The Pima County Assessor has the obligation to analyze those transactions and appraise property. It determines the cash value of all property as of January 1 of the following year. The calculations used by the Pima County Assessor based on manuals and procedures dictated by the department of revenue.
The fact is, a prescribed “assessment year” isn’t a year at all. It is actually longer. Especially for Tucson home values. To review the year-specific valuation timelines go to the Pima County Assessor office website – Notice Information page.
It Takes Time
From the beginning of the data gathering to the mailing of tax bills takes roughly four and a half years. This timeline is set by Arizona Revised Statues and the Arizona Department of Revenue.
The majority of the Pima County Assessor’s effort is absorbed with the collection of sales affidavit data from Pima County Records. When Tucson homes are sold the transaction is filed with the Pima County Recorder. That data is used by the Pima County Assessor.
The Tucson home prices actually paid reflect the value of all the real estate in the area. Needless to say, market fluctuations cause values go up and down.
Usually, real property tends to appreciate in value. However, in a downturn, when the housing market and full cash values will drop.
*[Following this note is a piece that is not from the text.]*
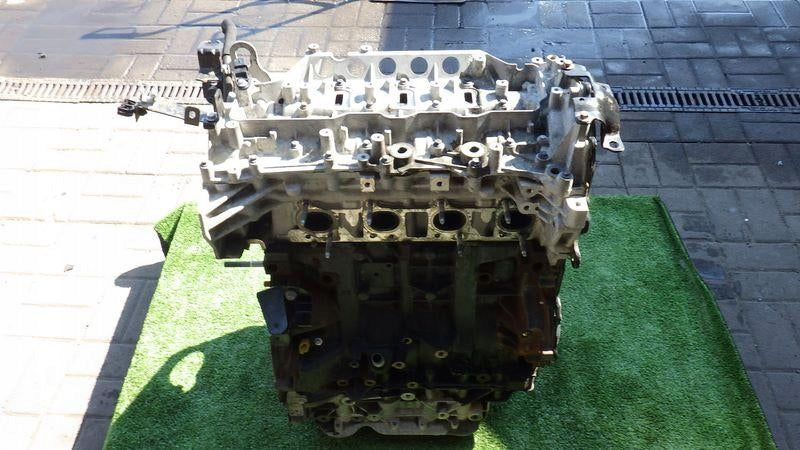 Motor Renault Master III M9T870 2.3 DCI 130TKm Diesel Engine Unkomplett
When that happens, a constant question by home owners is why don’t full cash values on the valuation notice reflect current real estate prices?
Part of the answer is the length of the process. Two and a half years are required to collect sales data. Subsequently, 4 more months of analysis is done. After that, notices will be sent to homeowners.
Arizona is Unique
The State of Arizona is unique in that it uses two types of property values for Pima County property tax purposes. The Pima County Assessor must calculate both.
1) Full cash value is the value placed on the exact property by the Assessor.
2) Limited value is determined by applying a statutory formula for a specific tax year.
It is interesting to note that the calculation of the limited value may increase the limited value even though the full cash value decreases. The limited value rises each year until it equals the full cash value.
The assessed value derived from the limited value is the basis for computing primary taxes for the maintenance and operation of school districts, cities, community college districts, counties, and the state.
The assessed value derived from the full cash value is the basis for computing secondary taxes for bonds, budget overrides, and special districts, such as fire, flood control, and other limited purpose districts.
The Pima County Assessor office provides an appeals process for Pima County homeowners.
OK, so that is TMI regarding how the Pima County Assessor determines property tax values. However, it is something many of our Tucson Real Estate clients want to know.